Sent from my LG-K220 using Forum BabyBoom mobile app
 
Evelinia i jak jest z taką dużą różnicą wieku u dzieci.Bo między moimi dziewczynami niecałe 2 lata były to faktycznie miałam dzieci raz po raz.Niby ciężko było momentami ale chyba lepiej bo ciągle byłam z nimi na tym samym etapie
Teraz to będzie horror ogarniać i szkołę dziewczyn i maluszka przy piersi.

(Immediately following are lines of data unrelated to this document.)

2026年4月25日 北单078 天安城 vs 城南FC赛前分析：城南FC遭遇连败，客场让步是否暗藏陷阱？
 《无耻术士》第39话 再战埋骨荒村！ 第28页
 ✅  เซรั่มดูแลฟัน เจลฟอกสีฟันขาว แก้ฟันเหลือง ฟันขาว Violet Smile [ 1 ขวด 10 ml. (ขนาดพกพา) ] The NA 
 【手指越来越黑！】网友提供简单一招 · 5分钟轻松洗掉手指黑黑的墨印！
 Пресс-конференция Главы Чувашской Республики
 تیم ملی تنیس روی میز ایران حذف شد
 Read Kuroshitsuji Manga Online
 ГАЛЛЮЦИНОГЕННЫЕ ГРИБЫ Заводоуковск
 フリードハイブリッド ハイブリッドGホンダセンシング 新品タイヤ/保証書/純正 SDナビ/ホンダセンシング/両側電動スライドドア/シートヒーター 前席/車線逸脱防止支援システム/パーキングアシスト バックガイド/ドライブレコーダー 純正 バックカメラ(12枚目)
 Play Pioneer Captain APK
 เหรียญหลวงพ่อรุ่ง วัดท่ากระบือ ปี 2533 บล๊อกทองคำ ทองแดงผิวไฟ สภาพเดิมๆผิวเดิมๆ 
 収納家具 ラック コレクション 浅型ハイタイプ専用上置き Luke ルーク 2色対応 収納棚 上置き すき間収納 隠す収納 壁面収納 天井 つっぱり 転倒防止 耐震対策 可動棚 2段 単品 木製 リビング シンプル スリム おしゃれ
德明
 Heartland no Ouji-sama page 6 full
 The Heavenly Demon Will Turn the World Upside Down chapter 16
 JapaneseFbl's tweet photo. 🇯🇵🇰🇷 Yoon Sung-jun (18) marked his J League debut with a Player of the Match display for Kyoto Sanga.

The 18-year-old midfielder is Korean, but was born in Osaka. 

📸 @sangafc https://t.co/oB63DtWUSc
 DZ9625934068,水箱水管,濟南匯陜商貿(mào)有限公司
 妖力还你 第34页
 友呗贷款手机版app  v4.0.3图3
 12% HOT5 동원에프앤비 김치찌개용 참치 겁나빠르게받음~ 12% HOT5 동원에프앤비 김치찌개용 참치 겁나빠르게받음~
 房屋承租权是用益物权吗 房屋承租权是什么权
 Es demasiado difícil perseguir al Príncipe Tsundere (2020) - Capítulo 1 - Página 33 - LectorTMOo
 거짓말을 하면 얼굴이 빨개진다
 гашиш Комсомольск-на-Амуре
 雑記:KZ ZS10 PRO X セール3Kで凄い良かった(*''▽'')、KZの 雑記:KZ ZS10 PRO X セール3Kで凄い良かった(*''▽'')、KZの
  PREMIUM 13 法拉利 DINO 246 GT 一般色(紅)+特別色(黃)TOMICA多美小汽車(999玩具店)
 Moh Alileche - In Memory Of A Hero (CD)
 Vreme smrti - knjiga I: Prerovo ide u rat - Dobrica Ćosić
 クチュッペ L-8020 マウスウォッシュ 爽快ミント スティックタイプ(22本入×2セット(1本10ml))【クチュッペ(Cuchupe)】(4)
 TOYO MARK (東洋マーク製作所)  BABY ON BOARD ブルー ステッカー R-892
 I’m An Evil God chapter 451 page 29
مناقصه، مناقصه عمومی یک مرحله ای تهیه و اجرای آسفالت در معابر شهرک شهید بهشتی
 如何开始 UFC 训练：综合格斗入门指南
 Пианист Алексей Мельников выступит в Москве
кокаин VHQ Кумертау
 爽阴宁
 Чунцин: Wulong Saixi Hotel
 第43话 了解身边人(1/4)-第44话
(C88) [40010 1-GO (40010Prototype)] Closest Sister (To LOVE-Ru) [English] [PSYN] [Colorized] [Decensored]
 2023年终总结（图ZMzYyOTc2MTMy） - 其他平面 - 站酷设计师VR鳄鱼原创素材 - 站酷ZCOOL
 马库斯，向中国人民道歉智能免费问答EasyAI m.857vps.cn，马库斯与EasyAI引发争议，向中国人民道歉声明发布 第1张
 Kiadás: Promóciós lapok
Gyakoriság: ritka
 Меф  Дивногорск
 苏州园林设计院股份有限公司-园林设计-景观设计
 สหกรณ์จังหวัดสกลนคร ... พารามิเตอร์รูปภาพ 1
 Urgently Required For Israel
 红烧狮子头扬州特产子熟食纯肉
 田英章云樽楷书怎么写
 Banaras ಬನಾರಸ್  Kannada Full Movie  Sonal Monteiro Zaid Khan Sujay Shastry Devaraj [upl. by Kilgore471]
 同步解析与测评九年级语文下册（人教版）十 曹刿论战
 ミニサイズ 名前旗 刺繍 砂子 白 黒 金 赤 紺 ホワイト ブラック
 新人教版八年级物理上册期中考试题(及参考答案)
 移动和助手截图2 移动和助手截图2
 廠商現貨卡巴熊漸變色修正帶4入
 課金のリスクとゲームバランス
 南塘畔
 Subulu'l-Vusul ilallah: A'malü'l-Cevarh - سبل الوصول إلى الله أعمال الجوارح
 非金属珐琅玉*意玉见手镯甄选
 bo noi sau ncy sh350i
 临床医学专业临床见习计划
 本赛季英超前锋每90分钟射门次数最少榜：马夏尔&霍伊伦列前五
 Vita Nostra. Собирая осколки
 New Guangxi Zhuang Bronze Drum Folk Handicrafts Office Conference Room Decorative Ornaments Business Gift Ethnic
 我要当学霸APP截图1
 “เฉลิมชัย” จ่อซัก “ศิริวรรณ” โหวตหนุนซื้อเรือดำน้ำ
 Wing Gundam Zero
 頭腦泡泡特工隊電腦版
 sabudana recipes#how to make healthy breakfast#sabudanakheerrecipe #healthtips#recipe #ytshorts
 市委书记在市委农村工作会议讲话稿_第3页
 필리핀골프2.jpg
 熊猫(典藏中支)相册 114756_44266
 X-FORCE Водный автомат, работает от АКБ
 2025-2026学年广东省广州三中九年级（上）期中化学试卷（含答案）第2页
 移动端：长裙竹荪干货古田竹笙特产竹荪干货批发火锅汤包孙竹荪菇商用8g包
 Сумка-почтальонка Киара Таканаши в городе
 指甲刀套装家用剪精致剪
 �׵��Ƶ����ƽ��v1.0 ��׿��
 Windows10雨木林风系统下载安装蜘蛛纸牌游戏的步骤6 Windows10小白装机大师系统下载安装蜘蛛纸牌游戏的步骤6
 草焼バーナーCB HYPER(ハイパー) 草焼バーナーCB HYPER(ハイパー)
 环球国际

Dokładnie tak samo myślę Mychaa.Ja nawet nie będąc w ciąży nie biorę leków profilaktycznie.
My dom kupiliśmy akurat zaraz po pierwszym porodzie bo akurat się okazja trafiła tak że się przeprowadzaliśmy jak Emi miała 3m.Ale jest to hardkore więc teraz chcę już przed porodem się przeprowadzić.

Napisane na SM-G920F w aplikacji Forum BabyBoom
 
Eh.. Ale czepiłyście się słowa 'profilaktycznie' [emoji14] Chodzi o to, że po 2 stratach lekarz kazał mi brać nospe codziennie z samego rana. Ale w sumie na początku wydawało mi się że nie ma potrzeby.. Trafiłam bardzo szybko do szpitala z bólem brzucha i tam powiedzieli, że brać nospe jak czuje dyskomfort albo jak mam zaplanowany dzień inaczej niż zwykle. Bardziej ruchomo.. Bo każde wyjście z domu kończyło się w ogromnymi bólami brzucha i niewiadomo było skąd są. Z opakowania nospy zjadłam jak dotąd 4 tabletki. Nie sądzę żeby było to dużo, a te straszne bóle nie wróciły. ;) Ot i cała 'profilaktyka'.. :)
 
U mnie już po obchodzone... dowiedzialam sie ze dziecko chore moje kochane ale nie w brzuchu tylko Emilka. Jakas grypa ja zlapa...serce Mi pęka normalnie.